Apple could drop Qualcomm chips from iPhone from 2018

Apple continues to pay Qualcomm if it drops its modem

Apple continues to pay Qualcomm if it drops its modem

Bloomberg reports that Qualcomm has filed a new lawsuit against Apple accusing it of helping Intel using Qualcomm code.

These are but new chapters in a long series of unfortunate events. Apple and Qualcomm have been in a messy legal dispute since the start of the year.

Apple responded to this, saying that the company had tried to negotiate before suing and that Qualcomm is abusing its position. Qualcomm has tried to ban the sale of select iPhones in the United States, and has also begun an attempt to get iPhone sales banned in China. Qualcomm reckons that Apple used this access to help Intel in its quest to compete in the LTE modem market. Qualcomm is now the largest manufacturer of chips for mobile devices by far, but that could change in favor of companies like Intel and MediaTek if Apple decides to walk away for good.

Rasesh Shah claimed that Qualcomm lied to shareholders when it told them that, "unlike some other companies in the industry that hold back certain key technologies", Qualcomm offers its "entire patent portfolio for use in cellular subscriber devices and cell infrastructure equipment". The sources who leaked the plan said that next year's iPhone and iPad models could already be built with components from other manufacturers, namely Intel or Taiwan-based MediaTek Inc.

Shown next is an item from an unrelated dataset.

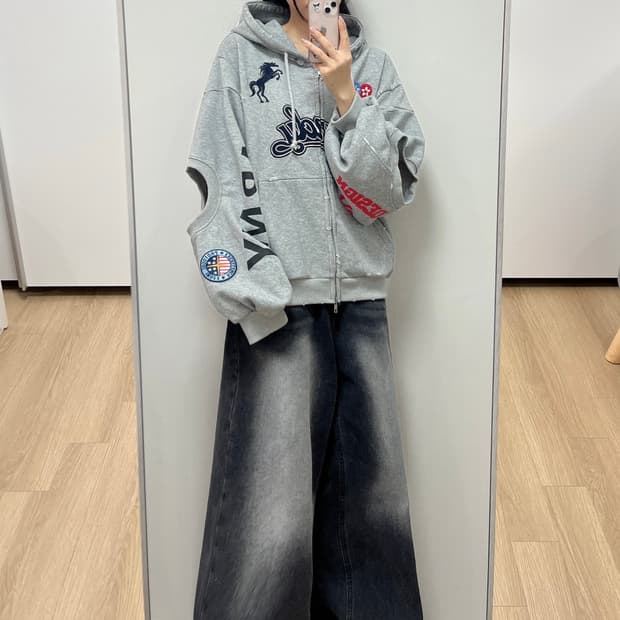 (새상품) 프로토콜 인덱스 x 반디 더 핑크 리컨스트럭티드 후드집업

Keck Hospital of USC Earns an "A" Grade for Patient Safety
Rhode Island had the most dramatic improvement, jumping from 50th in 2012 to number one in the fall of 2017. Six received an "A" grade, four received a "B" grade and five received "C" grades at the time.

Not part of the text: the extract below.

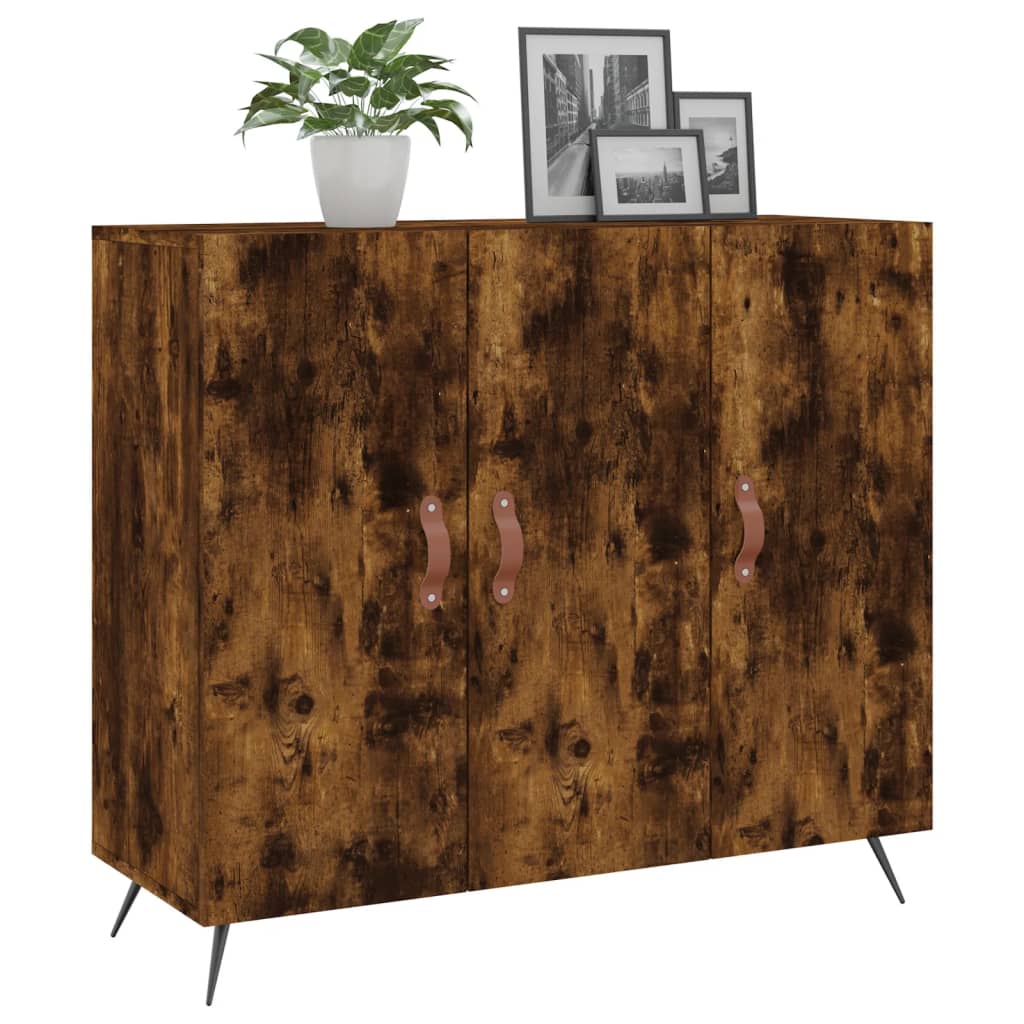 Credenza Rovere Fumo 90x34x80 cm in Legno Multistrato - homemem39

Are you planning to line up for an iPhone X tomorrow? Still, these results are a reflection of the toll that the legal battle between Qualcomm and Apple is taking.

With all of that uncertainty on the table, it's probable we'll have to wait another generation before we finally see a Qualcomm-free iPhone (if, of course, we ever do).

Bloomberg reports that the loss of Apple's business could cut Qualcomm's revenue by 7.5 percent.